Alabama suspends executions over lethal injection problem
The governor of Alabama on Monday issued a sweeping order to suspend all executions in the state and call for an overhaul of Alabama’s execution process after a series of problems with the delivery of lethal injection drugs. The move by Gov. Kay Ivey says prison officials were unable to insert one of Kenneth Eugene Smith’s death warrants before he expired at midnight with one of his two intravenous lines. It took place four days after him, prison officials said. It was the third time this year that an Alabama executioner failed to reach a death row inmate’s veins, and he was in less than two months before the problem forced the state to halt executions. it’s his second time.
Trump Co. trial progresses faster than expected, prosecution rests
Manhattan prosecutors dropped their case Monday in the tax evasion trial for the family business of Donald Trump, without calling witnesses they had previously planned to question. Former Chief Financial Officer Allen H.・Mr. Weisselberg admitted to participate in the tax system, which is also being claimed by the Trump Organization. The prosecution decided not to call Trump and another key witness, Donald Bender, who had been the company’s outside accountant for years. Instead, Bender, who works for the accounting firm Mazars USA, was summoned as a witness for the defense and ran Monday afternoon.
Consumers could pay the price if railroads and unions can’t agree
After Monday’s latest denial vote, consumers could soon start seeing higher gas prices and shortages of their favorite groceries if the rail company fails to agree deals with all 12 unions by next month’s deadline. Congress may eventually have to intervene to protect the economy. Monday’s vote by the two largest railroad unions follows decisions by three other unions to reject deals with railroads that the Biden administration helped broker before the deadline for the first strike in September. ‘s seven small unions have approved a five-year deal that includes a 24% raise and a $5,000 bonus. But to prevent a strike, all 12 must approve the contract.
Oregon governor pardons thousands for pot convictions
Oregon Gov. Kate Brown announced that she would grant amnesty to an estimated 45,000 people convicted of simple marijuana possession. has sought amnesty for those convicted of marijuana offenses. Biden’s pardon applied to those convicted under federal law and thousands convicted in the District of Columbia. Brown has also waived more than $14 million in outstanding fines and fees. In 2014, Oregon passed a bill to legalize recreational marijuana use.

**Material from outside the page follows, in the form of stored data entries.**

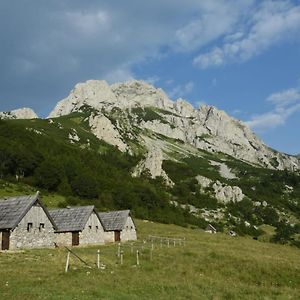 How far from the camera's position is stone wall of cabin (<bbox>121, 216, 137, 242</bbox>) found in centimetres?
7850

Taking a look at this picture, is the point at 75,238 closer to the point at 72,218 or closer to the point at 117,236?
the point at 72,218

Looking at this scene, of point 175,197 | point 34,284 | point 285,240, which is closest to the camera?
point 34,284

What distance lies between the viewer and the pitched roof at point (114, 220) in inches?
3078

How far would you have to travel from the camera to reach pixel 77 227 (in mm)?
65000

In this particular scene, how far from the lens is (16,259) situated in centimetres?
3872

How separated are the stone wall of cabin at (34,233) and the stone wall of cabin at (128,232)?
894 inches

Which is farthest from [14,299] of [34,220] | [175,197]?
[175,197]

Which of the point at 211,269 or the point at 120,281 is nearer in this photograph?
the point at 120,281

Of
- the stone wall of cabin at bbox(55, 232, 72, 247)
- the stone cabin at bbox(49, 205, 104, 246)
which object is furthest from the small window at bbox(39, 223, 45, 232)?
the stone wall of cabin at bbox(55, 232, 72, 247)

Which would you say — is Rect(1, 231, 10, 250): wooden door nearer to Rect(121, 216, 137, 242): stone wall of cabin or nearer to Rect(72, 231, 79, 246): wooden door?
Rect(72, 231, 79, 246): wooden door

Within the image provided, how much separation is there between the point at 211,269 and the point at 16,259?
17563mm

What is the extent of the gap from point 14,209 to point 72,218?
14665mm

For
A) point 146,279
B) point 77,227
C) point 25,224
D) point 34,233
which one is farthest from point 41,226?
point 146,279

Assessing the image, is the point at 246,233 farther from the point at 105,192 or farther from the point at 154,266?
the point at 154,266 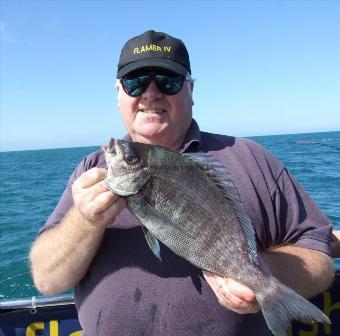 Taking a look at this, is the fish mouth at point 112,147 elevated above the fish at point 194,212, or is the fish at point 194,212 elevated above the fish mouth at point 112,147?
the fish mouth at point 112,147

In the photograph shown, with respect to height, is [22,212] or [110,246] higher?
[110,246]

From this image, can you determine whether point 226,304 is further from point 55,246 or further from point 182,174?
point 55,246

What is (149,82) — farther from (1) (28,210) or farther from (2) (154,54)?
(1) (28,210)

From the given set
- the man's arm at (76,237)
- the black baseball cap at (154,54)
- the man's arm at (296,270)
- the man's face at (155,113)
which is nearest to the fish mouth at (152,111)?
the man's face at (155,113)

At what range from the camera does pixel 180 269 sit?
2432mm

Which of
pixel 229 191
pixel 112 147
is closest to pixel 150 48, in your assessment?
pixel 112 147

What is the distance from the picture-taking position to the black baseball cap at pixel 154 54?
2709mm

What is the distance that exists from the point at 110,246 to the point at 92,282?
27cm

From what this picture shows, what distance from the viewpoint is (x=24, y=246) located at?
958cm

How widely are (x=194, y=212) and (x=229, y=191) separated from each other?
25 cm

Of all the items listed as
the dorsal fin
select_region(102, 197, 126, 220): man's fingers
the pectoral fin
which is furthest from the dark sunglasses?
the pectoral fin

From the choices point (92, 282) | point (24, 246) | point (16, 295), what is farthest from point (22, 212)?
point (92, 282)

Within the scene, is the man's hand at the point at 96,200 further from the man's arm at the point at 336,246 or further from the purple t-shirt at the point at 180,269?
the man's arm at the point at 336,246

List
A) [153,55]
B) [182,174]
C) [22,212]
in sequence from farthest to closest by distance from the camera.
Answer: [22,212], [153,55], [182,174] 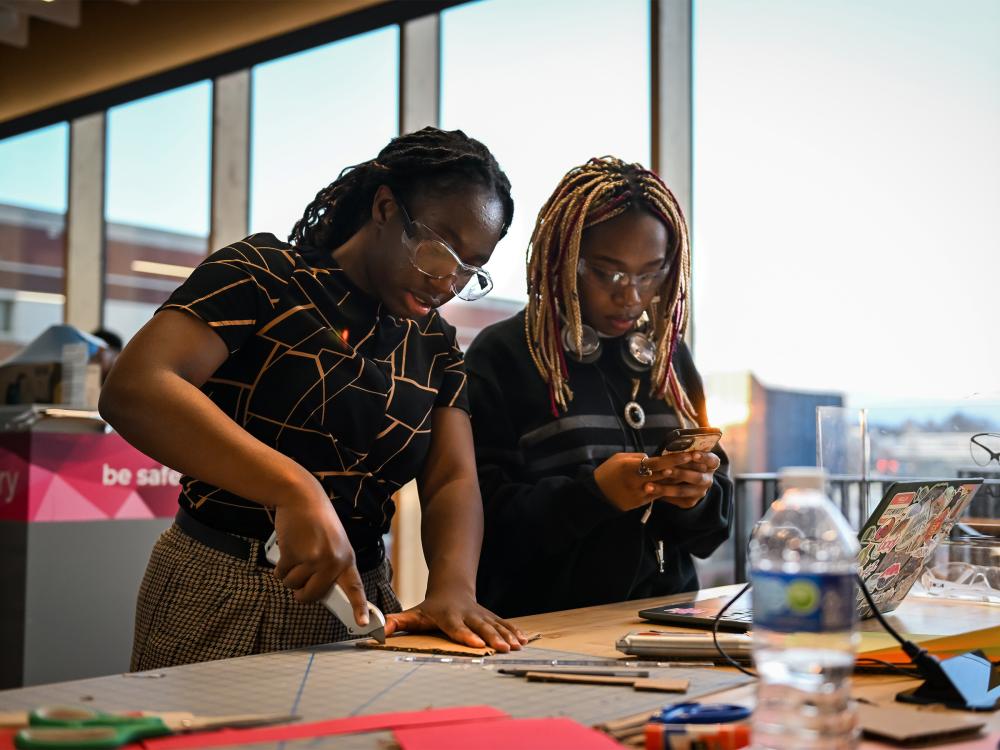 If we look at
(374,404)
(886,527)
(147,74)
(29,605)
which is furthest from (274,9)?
(886,527)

Ukraine to civilians: leave liberated areas before winter
Ukrainian authorities are evacuating civilians from liberated areas in southern Kherson and the Mykolaiv region. They worry that the damage to infrastructure will be too severe for people to survive the winter without electricity, heat and water. The World Health Organization has warned that millions of people in Ukraine are facing a “life-threatening” winter. Also on Monday, Ukrainian President Volodymyr Zelensky and his wife made a rare joint public appearance to observe a moment of silence at the Kyiv memorial to those killed in 2014 Ukrainian pro-European Union protests. Appeared. The largest nuclear power plant has not damaged any major equipment and no nuclear safety concerns have been identified.

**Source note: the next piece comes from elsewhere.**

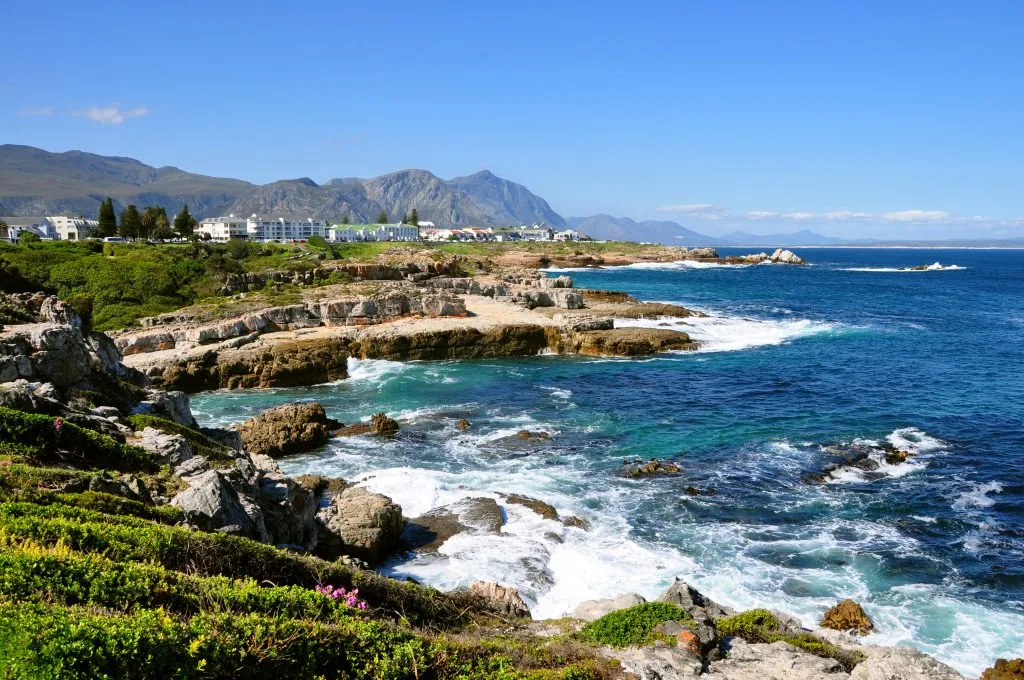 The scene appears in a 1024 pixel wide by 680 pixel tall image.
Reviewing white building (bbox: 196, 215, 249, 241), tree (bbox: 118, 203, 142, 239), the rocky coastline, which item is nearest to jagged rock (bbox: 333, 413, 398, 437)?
the rocky coastline

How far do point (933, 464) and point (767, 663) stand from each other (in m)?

Netanyahu pleaded guilty after predecessor called him ‘psychotic’
Even by the often toxic standards of Israeli political discourse, there are limits, a judge ruled Monday, urging newly-appointed Israeli Prime Minister Benjamin Netanyahu and his family to criticize former Prime Minister Ehud. Olmart, who described them as “psychotic,” admitted damages in a defamation lawsuit filed against them. The ruling ended a ludicrous drama in court for Olmert to bring witnesses to testify about what was happening in the Netanyahu family. found to have failed to establish or create a valid medical diagnosis.